Wednesday 15 June 2016

The smart products we are stupid enough to buy

The other day I was reading this article on how we are being lured to buy and use the smart products nowadays. For example, all of us use the toothbrush, floss and interdental brushes, or at least one of them, to clean our teeth every day. There comes the new Oral B Genius 9000, the smartest of all smart toothbrushes. To use the toothbrush you have to attach your phone to your bathroom mirror at mouth level so that its camera can keep an eye on you as it takes you on a "28-day plaque journey".

As you brush, the screen lits up telling you which bit of your mouth you are working on. This might have been smart, only you know the answer already. It times your brushing (a task you don't require) and while it does so, it distracts you from the job by telling you (incorrectly) what the weather is like outside, and what is happening in the world. "Impressive!" it says when you are done. Again, you being an adult, no longer need congratulating on having brushed your teeth.

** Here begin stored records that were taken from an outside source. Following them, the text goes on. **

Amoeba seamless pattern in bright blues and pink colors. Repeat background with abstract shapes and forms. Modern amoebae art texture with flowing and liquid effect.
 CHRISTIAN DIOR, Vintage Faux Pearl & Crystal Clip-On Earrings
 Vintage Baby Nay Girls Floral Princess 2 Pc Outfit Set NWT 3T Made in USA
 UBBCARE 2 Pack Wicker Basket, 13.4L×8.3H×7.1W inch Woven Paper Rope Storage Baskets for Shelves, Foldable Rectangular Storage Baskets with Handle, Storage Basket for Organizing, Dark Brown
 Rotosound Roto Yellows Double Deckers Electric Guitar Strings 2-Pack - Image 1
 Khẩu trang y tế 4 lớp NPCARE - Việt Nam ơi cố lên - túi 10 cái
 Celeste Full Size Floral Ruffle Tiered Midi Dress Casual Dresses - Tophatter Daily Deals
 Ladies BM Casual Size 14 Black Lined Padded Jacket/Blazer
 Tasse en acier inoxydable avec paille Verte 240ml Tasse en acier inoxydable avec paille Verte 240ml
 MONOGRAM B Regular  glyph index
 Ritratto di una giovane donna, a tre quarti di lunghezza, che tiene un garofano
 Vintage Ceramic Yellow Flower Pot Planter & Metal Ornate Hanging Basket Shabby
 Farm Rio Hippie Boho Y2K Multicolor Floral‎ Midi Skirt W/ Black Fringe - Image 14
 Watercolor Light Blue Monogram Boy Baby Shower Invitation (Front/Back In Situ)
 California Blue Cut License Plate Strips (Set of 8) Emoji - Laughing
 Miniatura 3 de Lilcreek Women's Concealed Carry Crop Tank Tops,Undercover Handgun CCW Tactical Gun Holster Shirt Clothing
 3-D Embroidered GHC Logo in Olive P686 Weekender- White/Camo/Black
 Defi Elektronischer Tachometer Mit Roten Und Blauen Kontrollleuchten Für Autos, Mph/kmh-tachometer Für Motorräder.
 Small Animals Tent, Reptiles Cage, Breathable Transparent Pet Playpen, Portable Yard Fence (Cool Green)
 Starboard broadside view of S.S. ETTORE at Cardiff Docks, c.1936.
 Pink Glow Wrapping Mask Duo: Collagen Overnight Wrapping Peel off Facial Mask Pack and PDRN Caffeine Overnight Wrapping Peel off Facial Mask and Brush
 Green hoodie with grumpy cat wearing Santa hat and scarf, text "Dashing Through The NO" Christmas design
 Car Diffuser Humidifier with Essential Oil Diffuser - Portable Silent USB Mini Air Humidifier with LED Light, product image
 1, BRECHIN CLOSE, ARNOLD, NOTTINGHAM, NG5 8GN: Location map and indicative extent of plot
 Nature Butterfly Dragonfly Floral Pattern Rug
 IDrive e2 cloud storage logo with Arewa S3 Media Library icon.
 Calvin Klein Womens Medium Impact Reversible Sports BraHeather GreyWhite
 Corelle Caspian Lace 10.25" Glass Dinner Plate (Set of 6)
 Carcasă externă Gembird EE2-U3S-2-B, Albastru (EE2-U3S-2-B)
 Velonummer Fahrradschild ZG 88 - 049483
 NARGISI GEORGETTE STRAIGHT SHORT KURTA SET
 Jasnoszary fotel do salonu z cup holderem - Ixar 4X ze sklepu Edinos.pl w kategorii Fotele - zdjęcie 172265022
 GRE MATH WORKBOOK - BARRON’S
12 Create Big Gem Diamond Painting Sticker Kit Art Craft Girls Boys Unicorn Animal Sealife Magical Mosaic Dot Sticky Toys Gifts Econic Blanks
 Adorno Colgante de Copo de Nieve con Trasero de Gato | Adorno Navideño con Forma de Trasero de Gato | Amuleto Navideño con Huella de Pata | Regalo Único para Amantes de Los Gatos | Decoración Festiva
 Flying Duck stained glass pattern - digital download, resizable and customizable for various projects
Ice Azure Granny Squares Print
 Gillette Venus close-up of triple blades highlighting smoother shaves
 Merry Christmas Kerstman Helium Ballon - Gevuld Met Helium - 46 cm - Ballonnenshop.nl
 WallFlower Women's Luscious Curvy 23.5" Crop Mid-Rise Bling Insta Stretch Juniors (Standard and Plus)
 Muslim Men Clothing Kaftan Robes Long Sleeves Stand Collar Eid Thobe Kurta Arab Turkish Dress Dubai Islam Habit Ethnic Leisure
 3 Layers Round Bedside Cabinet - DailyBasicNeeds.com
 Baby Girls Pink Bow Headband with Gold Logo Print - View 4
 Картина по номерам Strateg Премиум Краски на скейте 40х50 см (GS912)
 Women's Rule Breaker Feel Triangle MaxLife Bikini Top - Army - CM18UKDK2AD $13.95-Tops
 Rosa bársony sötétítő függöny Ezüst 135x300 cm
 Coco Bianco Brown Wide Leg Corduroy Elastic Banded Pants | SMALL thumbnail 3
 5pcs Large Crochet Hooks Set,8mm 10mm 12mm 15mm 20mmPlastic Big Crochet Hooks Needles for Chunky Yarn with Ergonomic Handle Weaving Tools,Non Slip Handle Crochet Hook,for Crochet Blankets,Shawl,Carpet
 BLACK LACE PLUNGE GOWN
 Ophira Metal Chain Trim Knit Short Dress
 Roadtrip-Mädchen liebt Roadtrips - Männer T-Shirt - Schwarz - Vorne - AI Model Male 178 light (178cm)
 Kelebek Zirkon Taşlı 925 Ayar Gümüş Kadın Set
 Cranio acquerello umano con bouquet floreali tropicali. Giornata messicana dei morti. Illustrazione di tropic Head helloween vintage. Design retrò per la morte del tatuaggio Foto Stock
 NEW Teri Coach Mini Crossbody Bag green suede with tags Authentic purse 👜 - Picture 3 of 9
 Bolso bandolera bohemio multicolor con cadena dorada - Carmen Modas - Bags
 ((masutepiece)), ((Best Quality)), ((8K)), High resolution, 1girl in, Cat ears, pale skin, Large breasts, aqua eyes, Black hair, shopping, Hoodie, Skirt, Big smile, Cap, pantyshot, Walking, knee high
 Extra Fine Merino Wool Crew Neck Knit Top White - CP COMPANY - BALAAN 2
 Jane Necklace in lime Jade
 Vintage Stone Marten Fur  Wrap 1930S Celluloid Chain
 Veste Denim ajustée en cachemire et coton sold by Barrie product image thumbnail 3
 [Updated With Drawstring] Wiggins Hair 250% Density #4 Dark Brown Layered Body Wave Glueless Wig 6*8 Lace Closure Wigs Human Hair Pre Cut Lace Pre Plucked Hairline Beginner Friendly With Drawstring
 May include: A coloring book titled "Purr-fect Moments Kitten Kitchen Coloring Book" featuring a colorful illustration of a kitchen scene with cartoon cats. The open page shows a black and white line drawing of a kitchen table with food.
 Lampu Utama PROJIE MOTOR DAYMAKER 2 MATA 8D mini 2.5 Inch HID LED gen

The data from your brushing is duly logged, against which every future act of brushing could be compared - turning the oral hygiene routine into a fun competition against yourself. If you ask me, I shall never use this type of toothbrush app. The five minutes or so a day I spend cleaning teeth are a time of relative calm, not data-gathering activity. I am going to keep them that way.

Another smart invention is the smart clothes pegs. Peggy, being tested in Australia by Unilever, is a plastic peg containing a thermometer and a hygrometer that sends messages to your phone that say: "Hi, rain clouds are on the way, let's dry the washing tomorrow." The company is claiming that Peggy will allow parents to spend more time with children. This makes no sense as the main thing that keeps parents from children is not drying out the washing on rainy days - it's staring at their smartphones.

Fitbit and Jawbone have already turned half the population into competitive walking bores. Oral B smart toothbrush and Peggy take it one step beyond. Even more promising are smart umbrellas and smart wallets that discourage you from losing them by reminding you every time they stray too far from your phone. Yet these sound like a real nuisance - whenever you leave your umbrella inside your own front door and go to sit on the sofa, your phone tells you your umbrella is out of radius.

The most unwelcome "advance" of all is the smart tampon. This is a normal tampon attached to a wire that connects to a sensor clipped to your underpants. Every time the sensor thinks it's time for a new one it alerts your phone. It's difficult to imagine why anyone would want their body to be wired up in this way and, in any case, there is no need. Women already have two methods of knowing when to change tampons: looking at their watches and listening to their bodies.

The more we learn about the Internet of Things, the more I think we are slipping into a world of make-believe. The giddy growth of smart technology is both easy to understand and a mystery. The growing supply is no surprise. Manufacturers make this stuff because they can. The technology exists and it is quite cheap. Thanks to venture capitalists, there is no shortage of people to finance it.
On the demand side, it remains a puzzle. The fact that people are so willing to pay for non-solutions to non-problems is the best evidence of the irrationality of the consumer market.

If we want such smart gadgets, we must be dumb. And not only that: Smart technology is making us dumber. If we no longer have to look at the sky before putting the washing out, and if our favourite conversation is who walked/ brushed/squeezed for longest, our brains will soon become in far more urgent need of exercise than our gums or leg muscles.